How To

    Winterize Your Run

    Running in the snow and cold this winter means rethinking your routine.

    It’s getting cold out there. As the temperatures drop, it’s hard not to break your usual running regime and opt for warmer workout options. But winter can actually be one of the best times for runners. Less people will crowd your usual running trails, the weather keeps you cooler, and the change of season gives you a whole new reason to go shopping for gear. Follow these few simple tips to take advantage of the season and prepare yourself for the cold.

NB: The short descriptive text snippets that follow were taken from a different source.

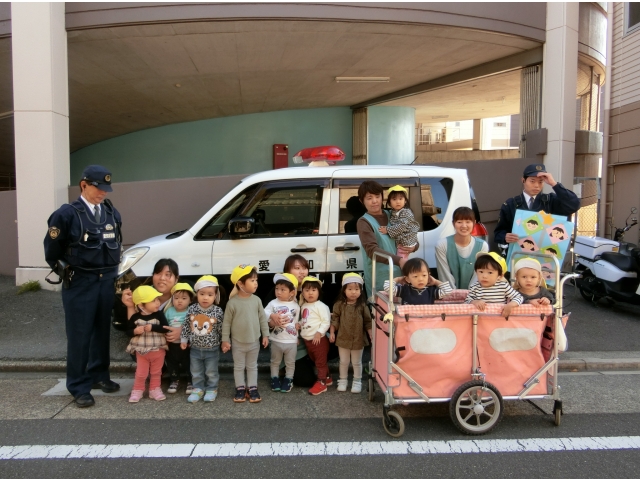 パトカー！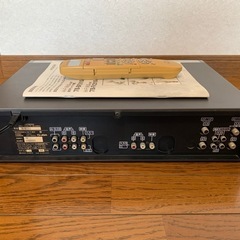 日立VHSビデオデッキの画像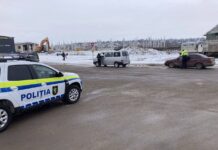 Poliția din Florești, în acțiune pentru siguranța participanților la trafic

    Dress for the Weather:

    Dressing for winter running can be a bit of an art form. You want to wear enough so you are warm, but not so much that you will overheat as your temperature rises while you work out. To prevent over-dressing, give yourself a 10- to 15-degree gap. This means starting with a base layer and adding layers as if you were going out in weather that is 15 degrees warmer. Dressing in fabrics that are insulated but with breathability to prevent sweat condensation is important, so opt for a lightweight, windproof, water-proof jacket. Gloves and a hat are a necessity as well to keep your extremities warm.

    Prep Your Feet:

    One of the most important things you can do is make sure that you are wearing shoes with great traction and little mesh. Trail shoes are ideal for winter running but, if you can’t get a new set of kicks, many stores sell traction devices like Yak Trax that provide some grip on tough winter trails. Also, if your shoes are too minimalist or full of mesh, your feet are likely to freeze and you may find yourself heading back before you’re ready. Winter runners will also find that standard socks just won’t cut it. Instead, opt for a sock that is warm but allows your feet to breathe, like the Injinji trail sock.

    Warm Up:

    A lot of people skip this step in order to save time. In the winter, this is the worst thing you can do for your body. If your body isn’t warmed up properly for a run, you are at a greater risk of injury because you needs extra time to become accustomed to the cold. Taking a few minutes to get your heart rate up and loosen your joints will literally warm you up, and make stepping out the door into the cold seem easier.

    Run with a Partner:

    There are so many reasons to take someone running with you during the winter. First of all, with someone running beside you, you will be more visible to cars, making your run that much safer. Secondly, running with a partner or a group is highly motivating. Not only can they push you to go further and faster, they can also prevent you from wimping out and staying inside because, if you make a plan with someone else, they will hold you accountable.

    Safety First:

    Running in the winter brings on a whole new set of safety rules. With less light hours, sometimes you will be forced to run at dusk or in the dark. Wearing a safety vest or lightly colored clothing, as well as running with a partner can help make you more visible. The dark can also make the varied road conditions less visible to you, so it is important to be constantly aware. Also, if a path looks treacherous, instead of being a hero, have a Plan B. Safety is also a great reason to run with a partner, so that if you do happen upon a patch of black ice, they can be there to catch you or call for help.

    Consider the Weather:

    You would be amazed how hard it is to run against the wind. Not only that, but when you are running in the winter after you have sweat, you risk experiencing frostbite. To combat this, make sure you start your run into the wind and finish with it at your back. Sometimes, in the heart of winter, you may be forced to stay inside. Utilizing a treadmill or hitting the gym is not wimping out, it’s playing it safe. If temperatures are below freezing and there is a chance of hypothermia, it’s better to seek other workout options.